* **What the exercise asks**
Lines from the one containing "Front Driver Left" through the final line of the records below are needed, copied exactly, with no pictures.

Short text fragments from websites
-- Opening Marker --
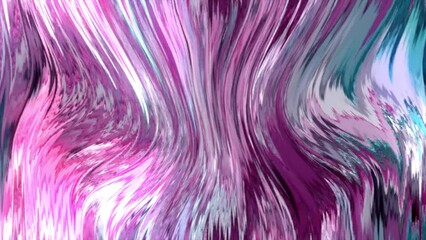Poster - Swirls of marble. Liquid marble texture. Marble ink colorful. Fluid art. Very Nice Abstract Colorful Design Colorful Swirl Texture Background Marbling Video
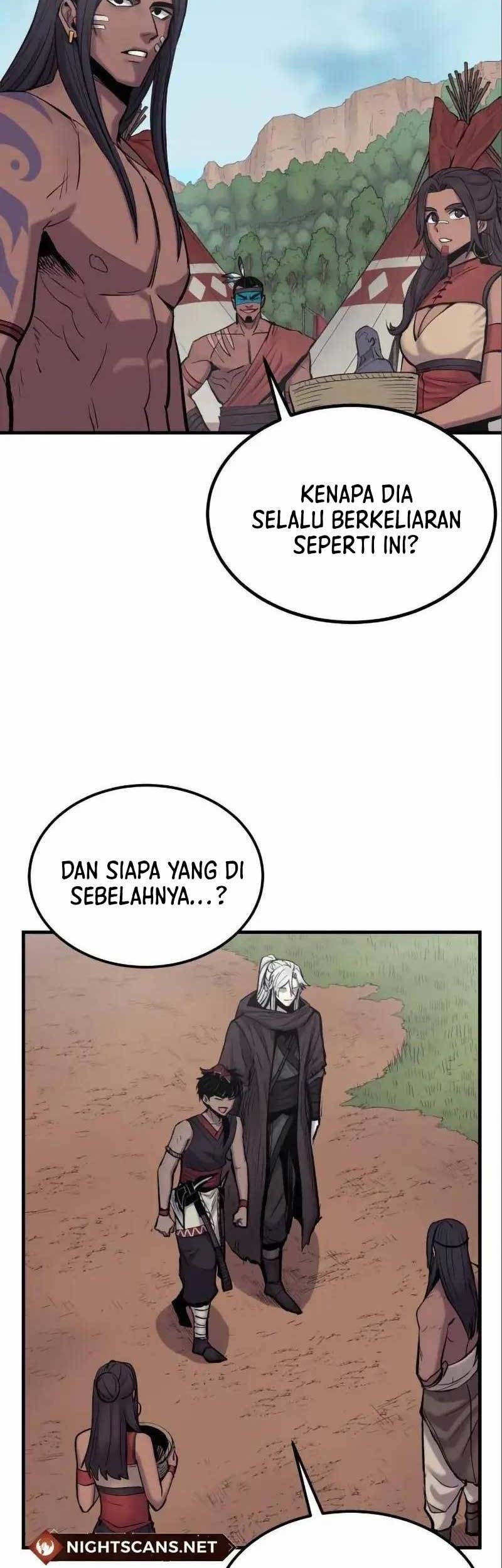 Howling Dragon Bab 11 halaman 42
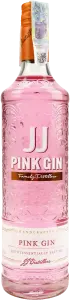 Фото 5 - Джин JJ Whitley Pink 38% 0,7 л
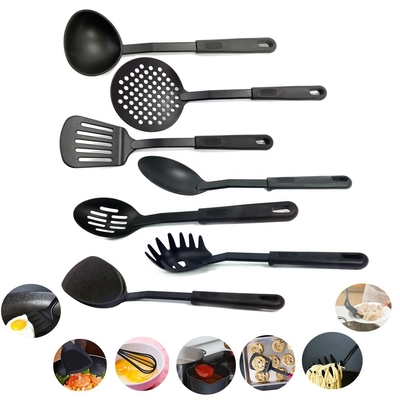 utensili da cucina utensili da giardino 18 pcs articoli per la casa in plastica con maniglia in PP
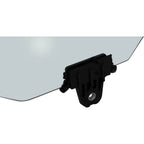 Front Driver Left Door Glass for Infiniti Q70L Q70 M56
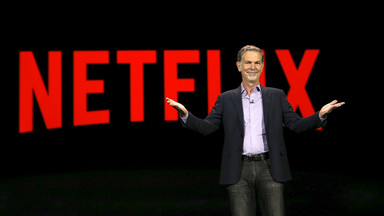 USA: Netflix zwiększa zasięg usług o kolejne państwa, w tym Polskę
-- Closing Marker --
* **Result of this exercise**
 Front Driver Left Door Glass for Infiniti Q70L Q70 M56
 USA: Netflix zwiększa zasięg usług o kolejne państwa, w tym Polskę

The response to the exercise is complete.